One of the primary goals of a business is to increase profit. In its simplest form, profit growth can be achieved by increasing revenue and reducing costs. Yet in reality, these could be complex interdependent functions and therefore organizations need to take a closer look to understand the revenue and cost structures and their relationships to manipulate these parameters carefully and increase profit.
There are multiple ways to model profit. An organization should find ways to increase income while protecting the existing revenue, thereby contributing to an increase in profit. An organization should also find ways of reducing costs and avoiding future costs to increase overall profits further. Businesses should strive to achieve sustainable profit growth in the long term, and to that end, data analytics can play a significant part.
Mapping the above framework to data analytics, an organization can implement multiple use cases affecting revenue and cost to realize the value of data to increase profit.
While there are many industry-specific use cases, the following are some generic data analytics use cases that affect revenue and cost, directly or indirectly.
Some of the above data analytics use cases affect both revenue and cost simultaneously thereby strongly affecting profit. Organizations can identify such use cases and prioritize implementing those to realize the maximum value of data. Such sample use cases are described below.
Customers expect intelligent communications from brands that are personalized to individual preferences.
“91% of consumers say they are more likely to shop with brands that provide offers and recommendations that are relevant to them.”
Source: Accenture, Personalization Pulse Check 2018
“52% of consumers are likely to switch brands if a company doesn’t make an effort to personalize communications to them.”
Source: Salesforce Research, State of Marketing 4th Edition
Targeted campaigns are a way of providing personalized offers to customers and one that has consistently proven to improve the campaign results. They can directly increase revenue by delighting the customer with relevant offers leading to more purchases. Targeted campaigns can also indirectly preserve current revenue via protecting the existing customer base by providing excellent service, appealing offers leading to increased customer affinity and reduced churn rates. It can also reduce costs through improved productivity through streamlined and automated target campaign rollouts reducing manual intervention.
The following figure depicts how targeted campaigns can directly and indirectly affect the revenue and costs of the organization.
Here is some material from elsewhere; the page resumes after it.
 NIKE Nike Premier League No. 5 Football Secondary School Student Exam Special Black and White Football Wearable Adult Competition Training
Recommendation engines have been an essential factor to the success of digital platforms such as Alibaba, Amazon, Netflix, and Spotify. The Recommender System is not just a marketing tool to increase sales but also a platform to provide insights and promote customer engagement to improve customer satisfaction and loyalty, thus increasing customer lifetime value and business growth.
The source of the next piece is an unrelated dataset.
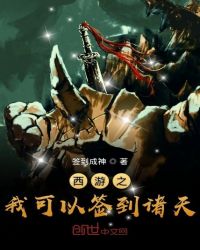 西游之我可以签到诸天章节列表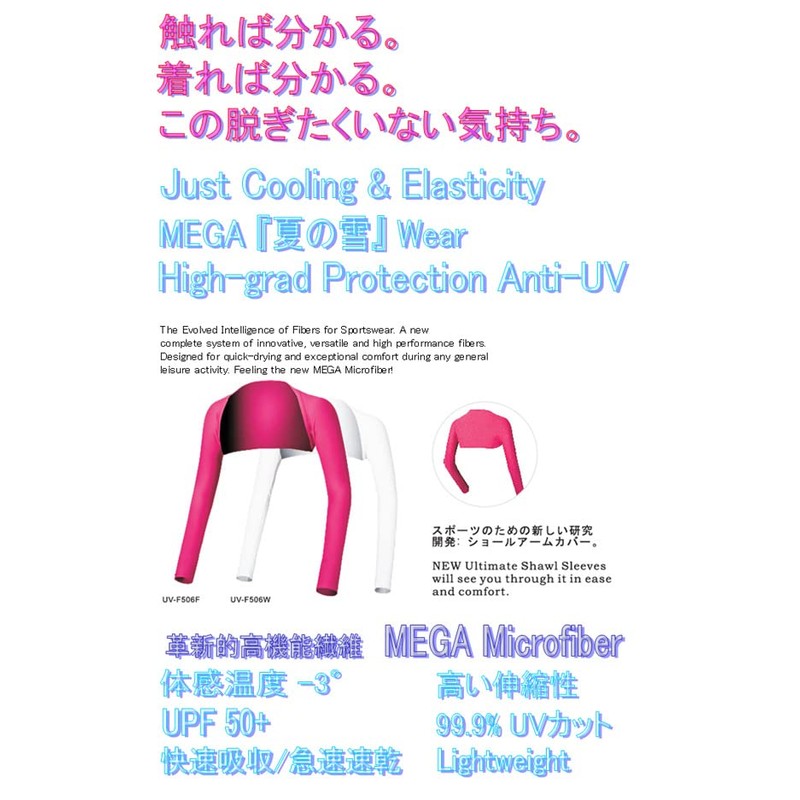 Mega Golf Golf Arm Cover, Women's, Temperature-3°C, UPF50+ UV-F506, deep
“80% of Netflix’s Viewer activity is driven by recommendation engine.”
“1 Billion USD is saved through reduced churn by Netflix recommendation engine.”
“35% of Amazon’s sales are generated by their recommendation engine.”
Source: Business Insider
Recommendation engines can directly increase the revenue streams of a business by providing relevant purchasing advice and delighting customers, leading to more purchases. It can also increase customer affinity and reduce customer churn thereby protecting the existing revenue base. It also reduces the cost of operation by increasing productivity and automating the process of instantaneously providing intelligent recommendations to the user without manual intervention.
The following figure depicts how implementing a Recommender System can affect the revenue and cost of a business in direct and indirect ways.
In the environment of industry 4.0, predicting machine failures by analyzing and modeling IOT sensory data along with other related data points using advanced analytics techniques is a real use case that can add value to the business. Knowing well ahead that a machine would fail can avoid unplanned downtimes, prevent outages in the factory operation and increase productivity.
“Predictive maintenance typically reduces machine downtime by 30 to 50% and increases machine life by 20 to 40%.”
Source: McKinsey Industrial Analytics
“Predictive maintenance increases productivity by 25%, reduces breakdowns by 70% and lowers maintenance costs by 25%.”
Source: Deloitte Predictive Maintenance Position Paper
Predictive maintenance of machinery can increase the productivity of the operation by reducing unplanned machine maintenance costs, improving machine lifetime and running the machines at their optimum conditions. It can also avoid future costs associated with sudden machine breakdowns that require unplanned break fixes and maintenance of machines, loss of production due to machine downtime and machine replacement due to poor maintenance of machines. In addition, it ensures smooth operation of 24×7 production in the factory, thus enabling the organization to fulfil customer orders on time thereby increasing customer satisfaction, service excellence and loyalty.
The following figure depicts how predictive maintenance use cases can directly and indirectly affect the revenue and cost of the business operation.
The use cases described above may have industry-specific versions that can differently impact the revenue and cost. However, the generic use cases are taken to elaborate on their impact on both the revenue and costs.
In summary, value creation by data analytics use cases can be assessed by looking at the impact they make on the revenue streams and cost structures of the business. This influence can be direct or indirect but ultimately impacts the bottom line of the business in the short term and long term in a sustainable manner. Furthermore, certain data analytics use cases can simultaneously affect both the revenue and cost to improve the bottom line of the business, hence these use cases should be implemented on priority basis to harness the maximum value out of data.